Spotkać Jezusa w Jego miłosierdziu, współczuciu, w litowaniu się nad ludzką słabością, w Jego wyrozumiałości, w przebaczaniu tym, którzy odeszli od swego człowieczeństwa, tak jak w wypadku Mateusza, którego Jezus zabiera z urzędu celnego i wynosi do godności swojego apostoła, Zacheusza – znowu celnika – do którego wmawia się w gościnę, jawnogrzesznicy, którą ratuje przed ukamienowaniem.
Spotkać Jezusa w Jego ludzkich kontaktach. W Jego przyjaźniach – z apostołami, których nazywał braćmi, z Łazarzem, na którego grobie płacze, z Marią i Martą, u których bywa w Betanii. Spotykać Jezusa w Jego niezmordowanym służeniu chorym, kalekom, niewidomym, głuchym, sparaliżowanym – wszystkim, na których natrafia w swoich wędrówkach, albo którzy przychodzą do Niego, prosząc o pomoc. W Jego: „Nie płacz” – z którym się zwrócił do zapłakanej matki idącej za marami swojego syna. W Jego: „Co chcesz, abym ci uczynił?” – z którym się zwrócił do niewidomego wołającego: „Jezusie, Synu Dawida, zmiłuj się nade mną”. W Jego: „Chcę, bądź oczyszczony”, którym odpowiedzial na prośbę trędowatego. W Jego ciągłym otwarciu na ludzi, Jego gotowości do służenia, pomagania. Odkrywać Jego, wciąż niepojęte dla ciebie, identyfikowanie się z wszelkimi, którzy cierpią, którzy potrzebują naszej pomocy. Wsłuchać się w Jego najbardziej zdumiewające dla ciebie, wciąż niepojęte, oświadczenia, z którymi – jak zapowiedział – zwróci się na sądzie ostatecznym do zbawionych: „Byłem głodny, a daliście mi jeść”. Do potępionych: „Byłem głodny, a nie daliście mi jeść”. A gdy jedni i drudzy zaskoczeni zapytają: „Panie, kiedy widzieliśmy Cię głodnym?”, On odpowie: „Cokolwiek uczyniliście jednemu z braci moich najmniejszych, mnieście uczynili”. Trwać przy tym manifeście Jezusa, który by można uznać za najbardziej rewolucyjny z wszystkich, jakie Jezus w ciągu swojego nauczania rzuca w słuchaczy. Ale który w końcu nie odbiega od starotestamentowego przykazania miłości Boga i bliźniego.
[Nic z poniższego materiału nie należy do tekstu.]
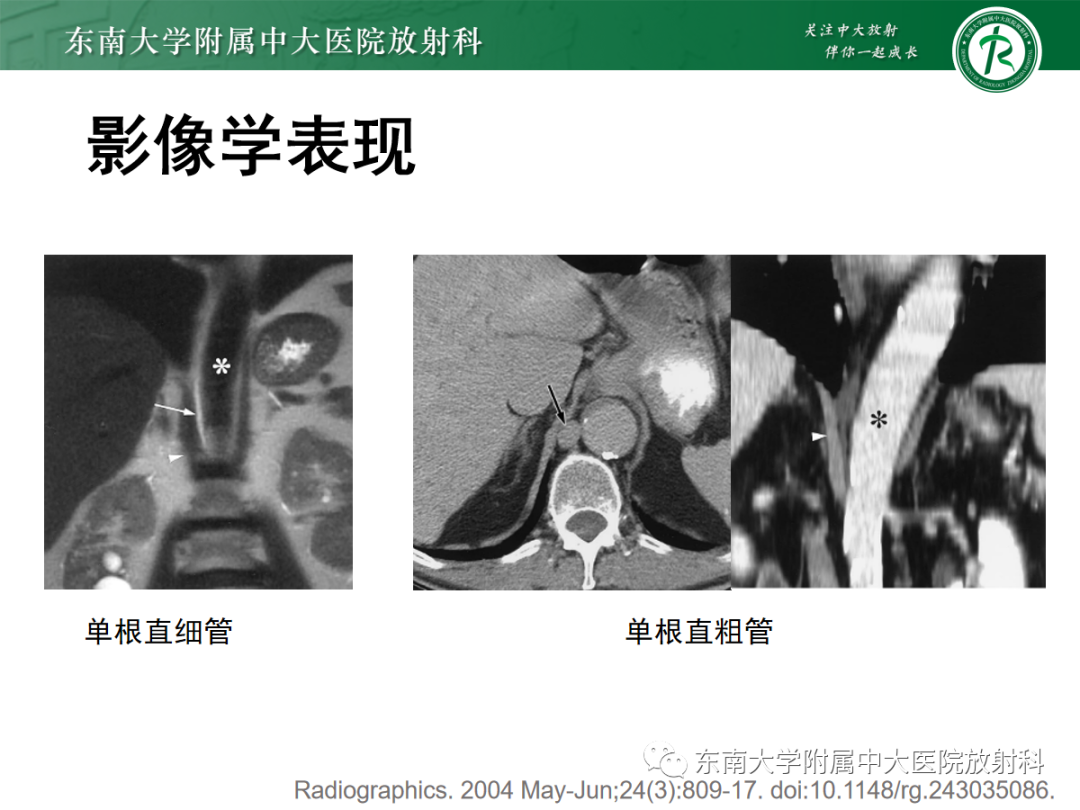 影像PPT - 【PPT】扩大乳糜池的影像表现及其鉴别诊断-14 影像PPT - 【PPT】扩大乳糜池的影像表现及其鉴别诊断-14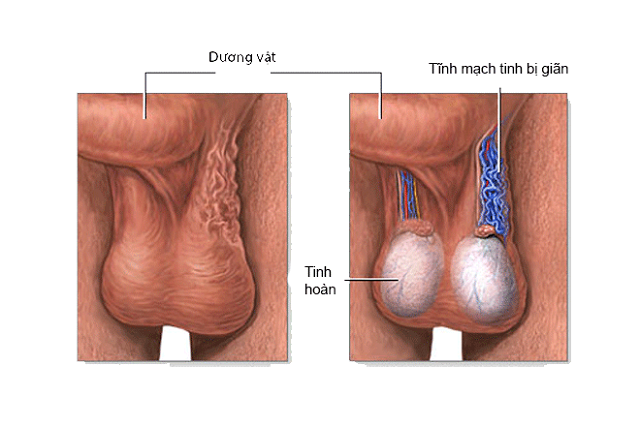 tinh-hoan-co-kich-thuoc-lon-la-nguyen-dan-dan-den-chay-xe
Spotykać Jezusa w Jego ciągłej służbie człowiekowi potrzebującemu, co potwierdził zresztą oświadczeniem: „Syn Człowieczy nie przyszedł, aby Mu służono, ale aby służyć”.
Spotykać Jezusa w Jego nawoływaniu nas do takiego życia. Słyszeć to niepojęte oświadczenie: „Ten, kto czyni wolę Ojca mego, jest mi i bratem, i siostrą, i matką”. Zresztą w pełni logiczne. Przecież ten, kto żyje w prawdzie, sprawiedliwości i miłości, ten jest zjednoczony z Bogiem, który jest prawdą, sprawiedliwością i miłością. A więc taki człowiek naprawdę jest jak brat Jezusa. Szukać wciąż istotnych treści nauczania Jezusa. Odkryć przykazanie miłości, i to w najbardziej istotnym wymiarze, które Jezus głosi: w wymiarze bezinteresowności. Uznać, tak jak On, bezinteresowność za ostateczną próbę, sprawdzian każdego dobrego czynu. Bo gdy czyn twój nie ma tej cechy bezinteresowności, jest po prostu inną formą twojego egoizmu, zaborczości, pychy, próżności, dążności, by zdobywać sobie ludzi i wykorzystywać ich, choćby na pozór wyglądało na to, że wypływa z troski o drugiego człowieka czy nawet z miłości do Boga. „Gdy się modlicie, nie bądźcie jak obłudnicy. Oni lubią w synagogach i na rogach ulic wystawać i modlić się, żeby się ludziom pokazać. Zaprawdę, powiadam wam, otrzymali już swoją nagrodę” (Mt 6,5). Ta potrzeba robienia na wszystkim interesu głęboko w tobie tkwi – a gdy już nawet nie zapłaty, a gdy już nawet nie wdzięczności, to przynajmniej podziwu, pochwalenia, szacunku, jak nie nawet uwielbienia, jak nie nawet sympatii czy miłości. A Jezus mówi: nic. Kompletnie nic. Pomoc dla pomocy. Służba dla służby. Praca nie dla pieniędzy, nie na zarobek, ale – bo inny tego potrzebuje, na nią czeka. Przewartościowanie wszystkiego, co dotąd już było w tobie zaklepane, ustawione, ułożone.